*What the exercise asks*.
Could you output exactly the lines running from the one containing "Secondly, they can" to the final line of the listing below, leaving out pictures?

*Given data*.
/---
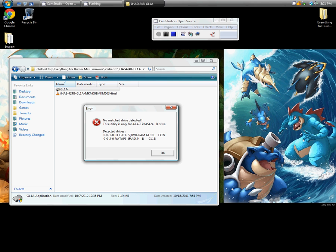And detected drives, this is my original one, the first one, E. The second one, F, is the one, Atopi IHAS44B.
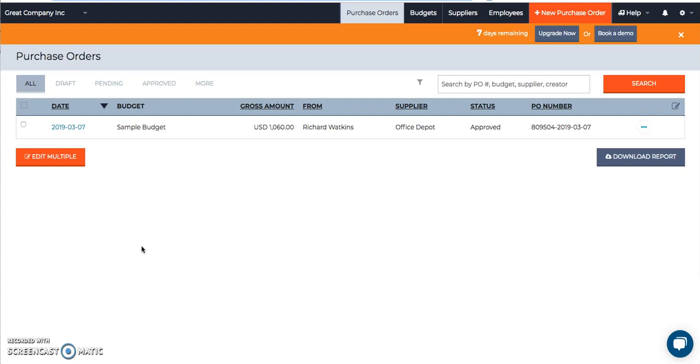Secondly, they can go to the cell phone app and approve directly from there. That's straightforward enough. You just go into the cell phone app and approve it.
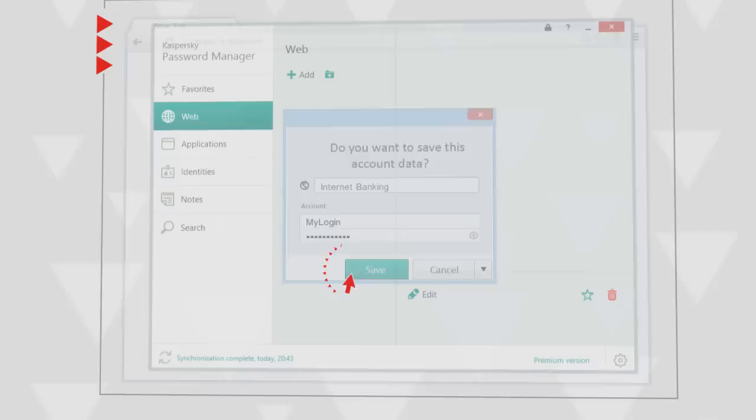When a new site is visited, Password Manager will suggest saving the password you entered to its database and will log you in automatically the next time you visit the site.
\---
*Result of this task*.
Secondly, they can go to the cell phone app and approve directly from there. That's straightforward enough. You just go into the cell phone app and approve it.
When a new site is visited, Password Manager will suggest saving the password you entered to its database and will log you in automatically the next time you visit the site.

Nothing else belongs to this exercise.